Copy word for word the lines in the records below, starting at the line with "Living Puppets W815" and ending at the line with "Tăng tốc chuyển". Skip the pictures.

(DATA SHOWN)
'''
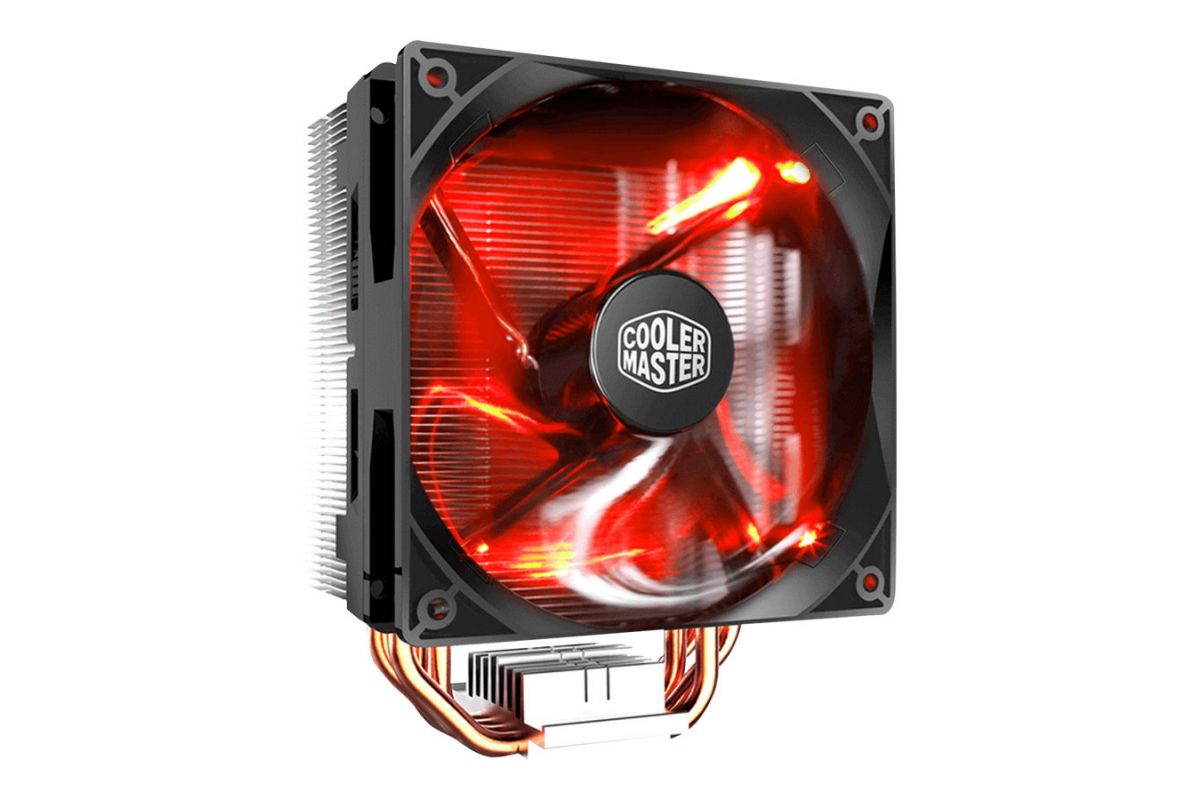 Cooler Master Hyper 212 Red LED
'''
'''
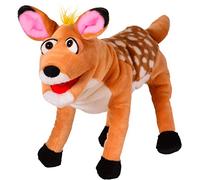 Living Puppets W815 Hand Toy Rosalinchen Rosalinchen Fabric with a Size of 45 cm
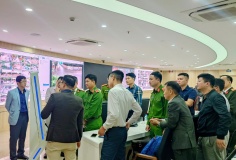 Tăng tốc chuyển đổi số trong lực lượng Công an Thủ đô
'''
(SOLUTION)
 Living Puppets W815 Hand Toy Rosalinchen Rosalinchen Fabric with a Size of 45 cm
 Tăng tốc chuyển đổi số trong lực lượng Công an Thủ đô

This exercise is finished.